These results demonstrate a ∼5% false-positive discovery rate of antibody arrays, which is similar to typical optical protein profiling methods, fluorescence-activated cell sorting and immunofluorescence microscopy, for example.

Mechanism of the false positives of BONCAT antibody arrays

The false positivity of the antibody arrays is surprising, because the samples are applied to the arrays directly (no biotin enrichment columns), and only AHA or ANL residues are capable of linking biotin through Click chemistry (total protein biotinylation is omitted in the BONCAT array), and only Clicked biotin can be detected by SA-Cy3. So how was the false-positive signal generated?

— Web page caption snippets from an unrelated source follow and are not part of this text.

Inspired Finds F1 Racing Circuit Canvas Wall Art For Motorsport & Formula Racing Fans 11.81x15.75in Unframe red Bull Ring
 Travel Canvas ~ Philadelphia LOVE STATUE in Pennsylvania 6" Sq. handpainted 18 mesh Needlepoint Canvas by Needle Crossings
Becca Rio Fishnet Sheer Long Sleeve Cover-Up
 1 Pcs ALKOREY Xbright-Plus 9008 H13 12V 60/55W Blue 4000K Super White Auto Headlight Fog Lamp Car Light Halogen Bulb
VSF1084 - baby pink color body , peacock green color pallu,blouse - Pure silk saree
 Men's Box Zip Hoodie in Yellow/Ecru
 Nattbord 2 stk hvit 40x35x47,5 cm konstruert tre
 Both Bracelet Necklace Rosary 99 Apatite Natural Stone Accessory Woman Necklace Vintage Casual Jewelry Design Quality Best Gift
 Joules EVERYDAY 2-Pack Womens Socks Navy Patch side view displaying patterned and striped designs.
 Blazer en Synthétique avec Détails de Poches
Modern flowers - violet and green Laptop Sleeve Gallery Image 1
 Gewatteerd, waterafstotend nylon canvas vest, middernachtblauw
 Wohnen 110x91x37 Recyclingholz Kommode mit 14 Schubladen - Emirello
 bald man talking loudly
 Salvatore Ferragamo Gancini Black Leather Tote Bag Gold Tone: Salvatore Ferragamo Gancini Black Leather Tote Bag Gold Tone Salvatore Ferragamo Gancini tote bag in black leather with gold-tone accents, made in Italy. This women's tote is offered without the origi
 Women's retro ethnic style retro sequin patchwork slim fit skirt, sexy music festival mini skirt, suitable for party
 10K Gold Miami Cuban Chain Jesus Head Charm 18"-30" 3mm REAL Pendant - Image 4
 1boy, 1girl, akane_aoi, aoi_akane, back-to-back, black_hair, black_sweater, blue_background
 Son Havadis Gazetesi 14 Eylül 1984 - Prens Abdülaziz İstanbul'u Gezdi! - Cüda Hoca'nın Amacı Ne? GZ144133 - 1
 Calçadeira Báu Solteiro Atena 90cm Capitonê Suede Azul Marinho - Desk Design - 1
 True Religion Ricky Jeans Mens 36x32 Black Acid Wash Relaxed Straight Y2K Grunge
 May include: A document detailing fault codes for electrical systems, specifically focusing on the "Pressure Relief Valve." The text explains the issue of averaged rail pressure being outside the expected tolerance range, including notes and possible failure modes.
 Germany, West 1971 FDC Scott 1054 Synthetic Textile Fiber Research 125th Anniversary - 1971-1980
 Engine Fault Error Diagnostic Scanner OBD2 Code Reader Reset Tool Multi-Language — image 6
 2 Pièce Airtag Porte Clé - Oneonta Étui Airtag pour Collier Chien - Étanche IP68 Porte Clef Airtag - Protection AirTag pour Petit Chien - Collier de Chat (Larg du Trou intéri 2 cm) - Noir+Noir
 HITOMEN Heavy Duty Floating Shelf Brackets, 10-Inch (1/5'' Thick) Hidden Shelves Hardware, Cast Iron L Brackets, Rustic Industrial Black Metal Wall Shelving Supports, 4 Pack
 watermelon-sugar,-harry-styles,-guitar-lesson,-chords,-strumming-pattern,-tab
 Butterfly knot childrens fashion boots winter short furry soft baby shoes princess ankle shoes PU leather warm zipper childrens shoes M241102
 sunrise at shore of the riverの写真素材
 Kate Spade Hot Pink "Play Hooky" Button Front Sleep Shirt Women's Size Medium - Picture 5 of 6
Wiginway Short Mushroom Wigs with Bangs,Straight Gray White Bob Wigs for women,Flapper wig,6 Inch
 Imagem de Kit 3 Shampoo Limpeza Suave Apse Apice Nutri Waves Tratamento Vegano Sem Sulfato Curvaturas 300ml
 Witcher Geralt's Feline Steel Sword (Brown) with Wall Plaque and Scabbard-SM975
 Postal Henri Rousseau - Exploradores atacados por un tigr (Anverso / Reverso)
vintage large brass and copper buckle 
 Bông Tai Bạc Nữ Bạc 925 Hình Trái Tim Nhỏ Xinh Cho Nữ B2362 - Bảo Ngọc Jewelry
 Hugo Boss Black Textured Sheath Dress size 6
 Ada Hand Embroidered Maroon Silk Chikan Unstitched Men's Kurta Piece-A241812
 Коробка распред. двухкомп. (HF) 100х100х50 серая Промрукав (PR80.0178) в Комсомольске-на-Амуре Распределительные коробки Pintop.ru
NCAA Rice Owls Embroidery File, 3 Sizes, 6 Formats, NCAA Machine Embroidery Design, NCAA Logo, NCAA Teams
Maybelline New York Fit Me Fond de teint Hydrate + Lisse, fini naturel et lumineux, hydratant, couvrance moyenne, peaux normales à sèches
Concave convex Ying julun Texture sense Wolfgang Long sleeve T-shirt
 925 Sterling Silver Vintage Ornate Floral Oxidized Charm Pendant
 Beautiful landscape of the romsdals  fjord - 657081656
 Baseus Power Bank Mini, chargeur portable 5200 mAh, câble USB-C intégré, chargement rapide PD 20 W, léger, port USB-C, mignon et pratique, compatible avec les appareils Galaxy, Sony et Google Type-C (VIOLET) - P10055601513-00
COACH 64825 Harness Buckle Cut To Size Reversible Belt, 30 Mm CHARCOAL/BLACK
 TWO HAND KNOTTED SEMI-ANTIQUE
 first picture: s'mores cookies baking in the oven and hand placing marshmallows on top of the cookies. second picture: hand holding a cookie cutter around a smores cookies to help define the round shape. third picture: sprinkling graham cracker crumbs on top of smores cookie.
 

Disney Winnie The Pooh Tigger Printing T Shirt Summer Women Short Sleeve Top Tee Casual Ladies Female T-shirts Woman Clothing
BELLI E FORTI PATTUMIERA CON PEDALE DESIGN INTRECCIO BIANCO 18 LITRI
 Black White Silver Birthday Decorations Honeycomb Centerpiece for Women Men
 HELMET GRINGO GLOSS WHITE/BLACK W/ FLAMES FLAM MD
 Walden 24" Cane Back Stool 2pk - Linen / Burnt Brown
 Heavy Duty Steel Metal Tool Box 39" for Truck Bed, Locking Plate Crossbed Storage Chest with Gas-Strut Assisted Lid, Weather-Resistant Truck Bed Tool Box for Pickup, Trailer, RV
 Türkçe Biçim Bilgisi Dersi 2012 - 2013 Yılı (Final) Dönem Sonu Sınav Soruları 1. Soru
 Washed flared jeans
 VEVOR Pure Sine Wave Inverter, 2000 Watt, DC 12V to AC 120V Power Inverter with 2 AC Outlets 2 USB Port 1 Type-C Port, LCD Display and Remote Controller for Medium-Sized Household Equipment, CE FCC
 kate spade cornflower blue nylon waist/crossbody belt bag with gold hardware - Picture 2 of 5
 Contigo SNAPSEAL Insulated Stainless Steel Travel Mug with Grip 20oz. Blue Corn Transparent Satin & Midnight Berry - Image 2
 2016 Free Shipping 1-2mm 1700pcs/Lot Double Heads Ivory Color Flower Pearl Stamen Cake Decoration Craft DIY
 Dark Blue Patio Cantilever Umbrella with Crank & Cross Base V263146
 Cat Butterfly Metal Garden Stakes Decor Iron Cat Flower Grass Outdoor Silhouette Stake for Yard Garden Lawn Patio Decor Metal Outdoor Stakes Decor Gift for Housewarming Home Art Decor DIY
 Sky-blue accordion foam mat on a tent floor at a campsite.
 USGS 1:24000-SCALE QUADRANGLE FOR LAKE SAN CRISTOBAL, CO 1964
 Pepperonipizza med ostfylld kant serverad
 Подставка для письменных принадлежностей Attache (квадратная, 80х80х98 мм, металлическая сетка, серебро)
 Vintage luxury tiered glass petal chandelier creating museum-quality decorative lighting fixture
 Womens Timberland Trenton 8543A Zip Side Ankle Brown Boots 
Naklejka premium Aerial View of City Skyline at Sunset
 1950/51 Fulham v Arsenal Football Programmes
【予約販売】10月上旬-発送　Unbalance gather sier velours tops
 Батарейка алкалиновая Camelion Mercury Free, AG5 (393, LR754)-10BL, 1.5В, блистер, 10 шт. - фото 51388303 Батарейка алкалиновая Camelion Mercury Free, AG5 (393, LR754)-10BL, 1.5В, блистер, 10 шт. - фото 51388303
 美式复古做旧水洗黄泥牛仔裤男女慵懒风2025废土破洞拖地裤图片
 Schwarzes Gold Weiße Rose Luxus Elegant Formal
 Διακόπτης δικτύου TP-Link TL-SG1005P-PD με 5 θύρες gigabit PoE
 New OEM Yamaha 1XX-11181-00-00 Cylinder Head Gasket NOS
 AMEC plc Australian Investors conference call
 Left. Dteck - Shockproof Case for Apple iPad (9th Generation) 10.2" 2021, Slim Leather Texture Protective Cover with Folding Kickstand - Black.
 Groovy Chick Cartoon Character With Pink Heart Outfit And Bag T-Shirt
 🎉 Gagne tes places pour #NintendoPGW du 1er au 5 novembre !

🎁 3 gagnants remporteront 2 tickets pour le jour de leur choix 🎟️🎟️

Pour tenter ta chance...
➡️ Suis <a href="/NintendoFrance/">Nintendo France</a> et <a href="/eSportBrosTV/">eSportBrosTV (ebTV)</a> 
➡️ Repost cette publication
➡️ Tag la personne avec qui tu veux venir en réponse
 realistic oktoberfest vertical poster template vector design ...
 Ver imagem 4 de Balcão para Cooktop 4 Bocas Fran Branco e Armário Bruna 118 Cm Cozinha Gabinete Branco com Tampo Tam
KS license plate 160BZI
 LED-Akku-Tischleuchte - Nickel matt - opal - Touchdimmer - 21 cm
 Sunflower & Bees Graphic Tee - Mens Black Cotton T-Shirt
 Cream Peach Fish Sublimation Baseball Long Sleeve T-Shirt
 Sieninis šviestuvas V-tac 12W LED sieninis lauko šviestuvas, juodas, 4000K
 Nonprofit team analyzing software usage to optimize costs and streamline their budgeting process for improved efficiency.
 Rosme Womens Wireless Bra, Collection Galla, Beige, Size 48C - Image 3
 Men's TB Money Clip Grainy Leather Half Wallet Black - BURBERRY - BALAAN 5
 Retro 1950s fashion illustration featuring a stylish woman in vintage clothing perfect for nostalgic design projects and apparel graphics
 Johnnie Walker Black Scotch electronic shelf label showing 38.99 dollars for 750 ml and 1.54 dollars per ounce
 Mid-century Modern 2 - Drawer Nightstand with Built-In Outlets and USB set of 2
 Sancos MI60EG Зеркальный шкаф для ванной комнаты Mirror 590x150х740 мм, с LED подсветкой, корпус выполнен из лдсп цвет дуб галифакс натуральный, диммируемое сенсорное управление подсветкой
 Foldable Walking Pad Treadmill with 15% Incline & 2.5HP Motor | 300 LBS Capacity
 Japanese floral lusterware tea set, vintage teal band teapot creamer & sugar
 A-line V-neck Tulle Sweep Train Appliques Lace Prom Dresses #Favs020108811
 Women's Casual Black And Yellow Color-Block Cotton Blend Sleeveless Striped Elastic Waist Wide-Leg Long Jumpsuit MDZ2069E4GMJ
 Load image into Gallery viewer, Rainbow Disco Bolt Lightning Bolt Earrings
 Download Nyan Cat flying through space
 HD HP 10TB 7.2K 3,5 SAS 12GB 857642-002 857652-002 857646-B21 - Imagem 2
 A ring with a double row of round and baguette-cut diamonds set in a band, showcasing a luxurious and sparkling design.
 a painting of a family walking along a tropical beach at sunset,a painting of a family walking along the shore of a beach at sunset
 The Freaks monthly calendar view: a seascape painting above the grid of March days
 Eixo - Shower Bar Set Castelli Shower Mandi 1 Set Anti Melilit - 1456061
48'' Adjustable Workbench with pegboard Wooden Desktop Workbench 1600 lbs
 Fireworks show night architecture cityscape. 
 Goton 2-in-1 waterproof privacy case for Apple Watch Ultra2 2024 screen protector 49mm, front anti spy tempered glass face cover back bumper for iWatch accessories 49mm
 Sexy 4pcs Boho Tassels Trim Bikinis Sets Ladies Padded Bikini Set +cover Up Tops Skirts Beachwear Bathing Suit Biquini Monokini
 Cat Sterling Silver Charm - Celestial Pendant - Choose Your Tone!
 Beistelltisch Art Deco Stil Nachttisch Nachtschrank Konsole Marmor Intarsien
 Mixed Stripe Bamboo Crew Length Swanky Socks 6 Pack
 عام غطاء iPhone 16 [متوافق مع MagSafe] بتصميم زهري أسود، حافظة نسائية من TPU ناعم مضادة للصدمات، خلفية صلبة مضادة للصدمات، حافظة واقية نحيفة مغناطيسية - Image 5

We postulated that antibody arrays detect physiologic naturally biotinylated proteins, which reacts with the SA-Cy3 and are misinterpreted as experimentally biotinylated or AHA/ANL tagged.²⁷ The variable presence of these proteins in different samples might account for the variability of the false-positive detection (Fig. 3a). Removal of the naturally biotinylated proteins with SA-beads before the Click of biotin to AHA or ANL residues should reduce this false-positive background (Fig. 3a).

FIG. 3.

False positives of the biotin-based BONCAT are largely due to the presence of naturally biotinylated proteins. (a) A schematic of naturally biotinylated protein contribution to false positives, and removal. (b) Western blot images and quantification of the pixel densities that are normalized by protein loading, of natural biotinylated proteins from brain, heart, liver, and blood serum. Variable from sample-to-sample levels of naturally biotinylated proteins are detected. (c) Click westerns on C57.B6 and MetRS^L274G cells treated with ANL; the nonspecific signal is reduced by removal of natural biotinylated proteins with SA beads, and reduction of nonspecific click reactions with IAA. (d) Representative BONCAT antibody array images of heart tissue lysates from C57.B6 and MetRS^L274G mice that were treated (or not) with AHA/ANL in vivo, as indicated. Treatment of the lysates with SA beads before the Click visibly reduced the false positives. (e) Heat maps of the 308 proteins that were profiled in heart tissue in 15–16 independent BONCAT antibody array experiments (performed in duplicates for each protein). Removal of the false positives, naturally biotinylated proteins (SA), increases the signal to noise and gives more robust detection of BONCAT labeled proteins, p < 0.05 for each protein in each comparison (tagged vs. untagged, ±SA). AHA, azidohomoalanine; IAA, iodoacetamide; SA, streptavidin.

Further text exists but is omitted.